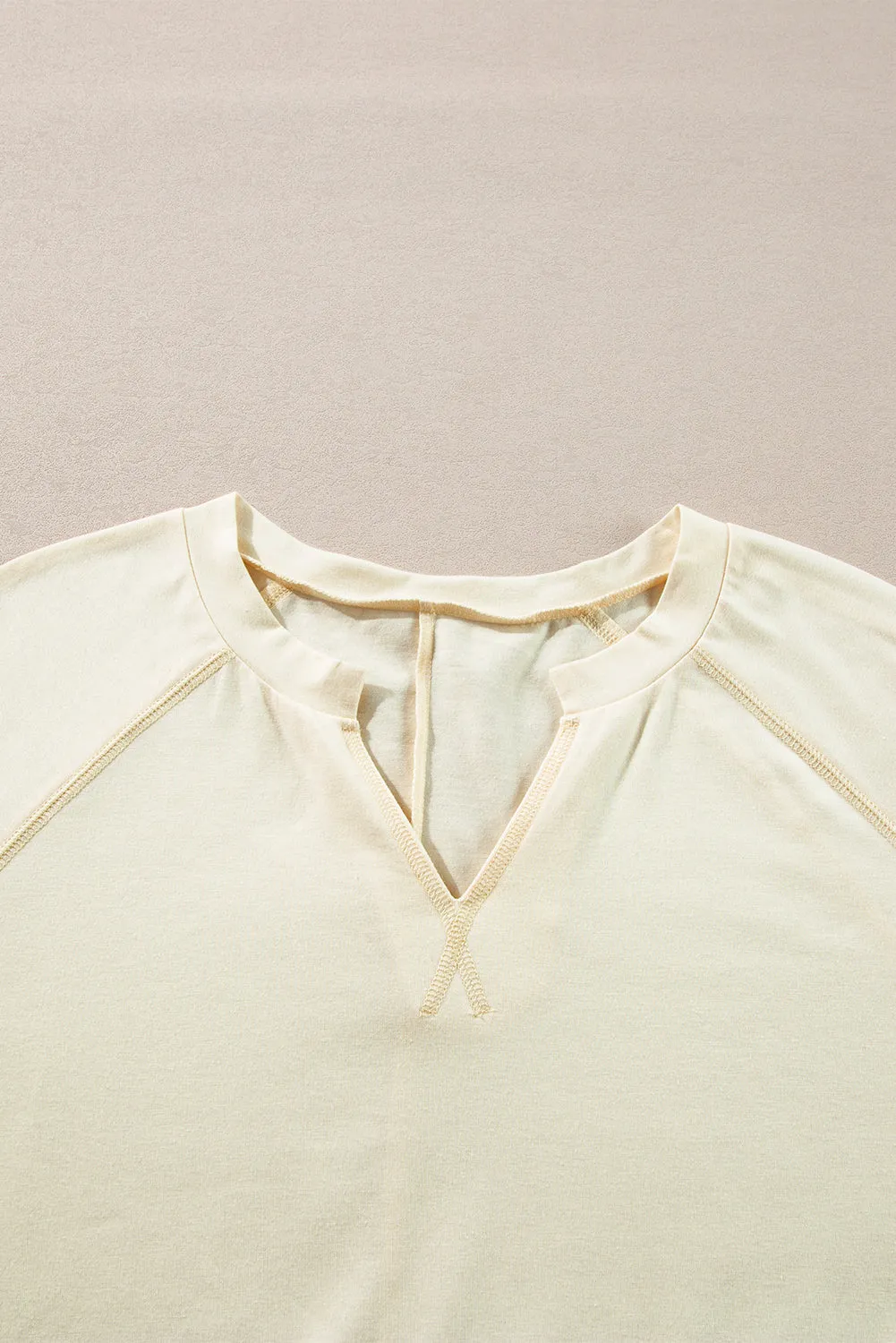 Exposed Stitching Notched Neckline Long Sleeve Top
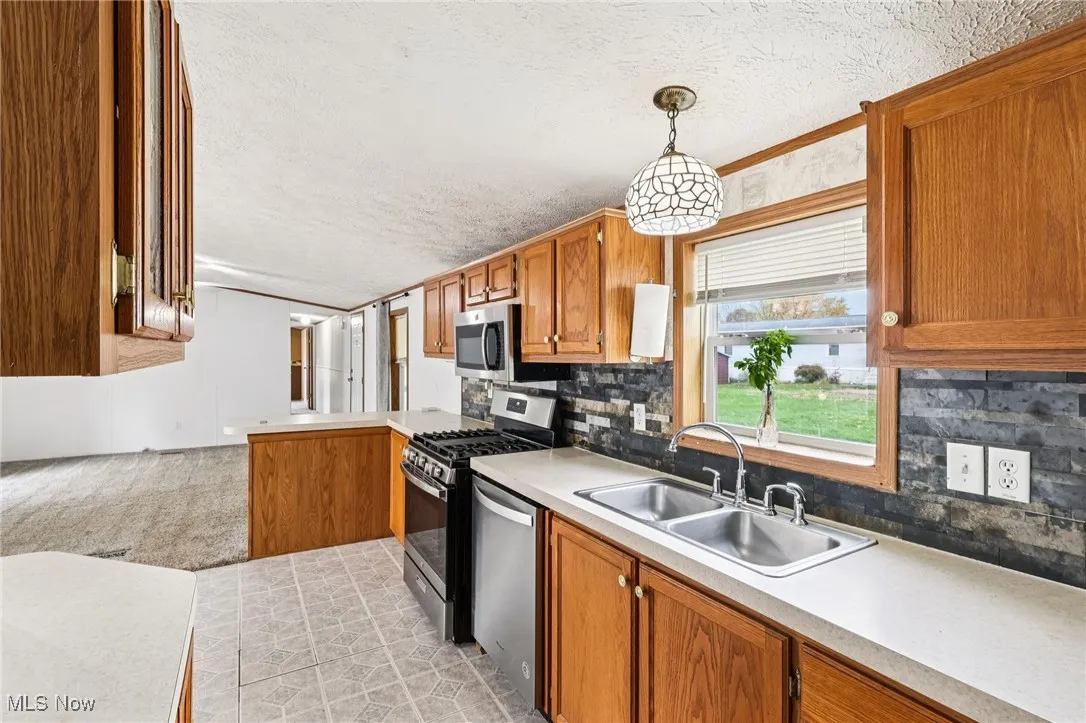 Kitchen featuring a textured ceiling, brown cabinets, stainless steel appliances, backsplash, and decorative light fixtures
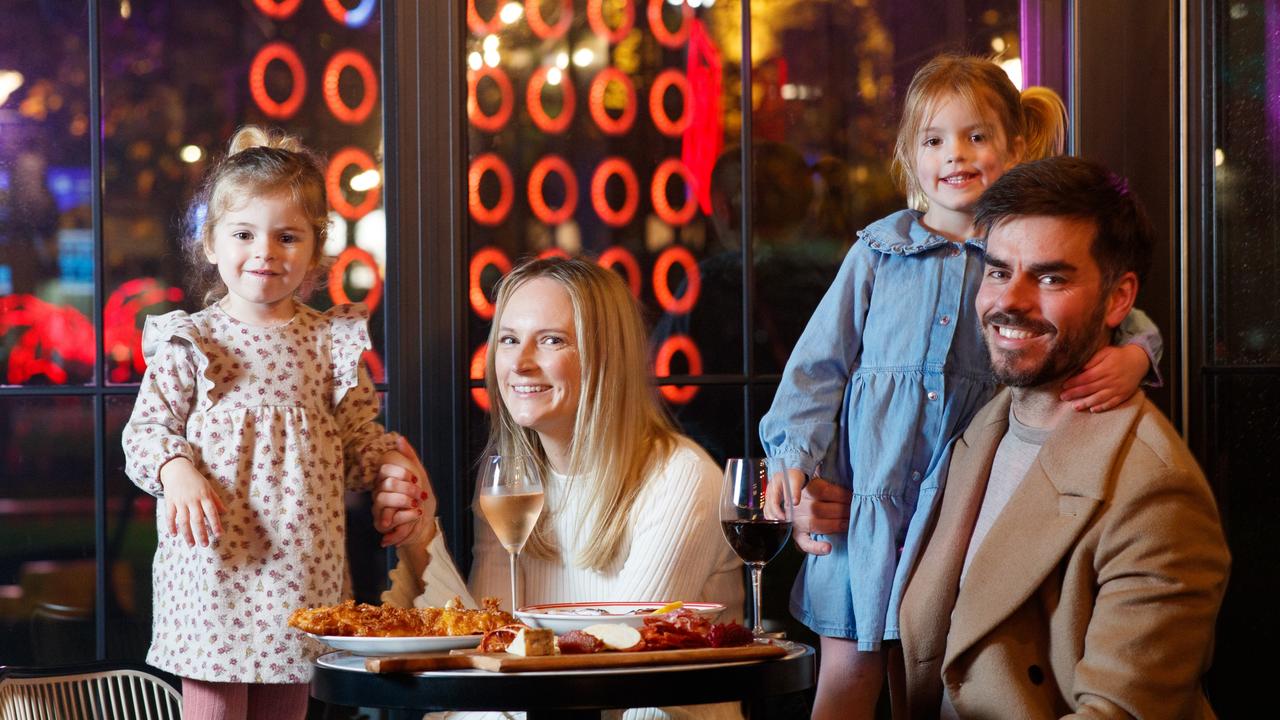 Brooke and Tom Bridges with their children Winnie (left) and Isabel enjoying Lumen at University of Adelaide, as part of Illuminate Adelaide. Picture” Matt Turner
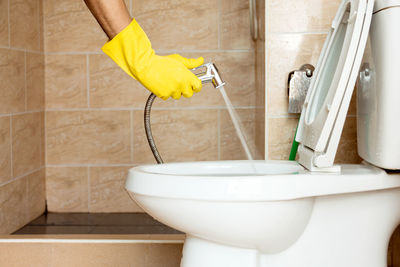 Low angle view of people in bathroom at home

———

* **Prompt**
Repeat the data verbatim through the "Kitchen featuring a" line, no pictures.

* **Output below**
 Exposed Stitching Notched Neckline Long Sleeve Top
 Kitchen featuring a textured ceiling, brown cabinets, stainless steel appliances, backsplash, and decorative light fixtures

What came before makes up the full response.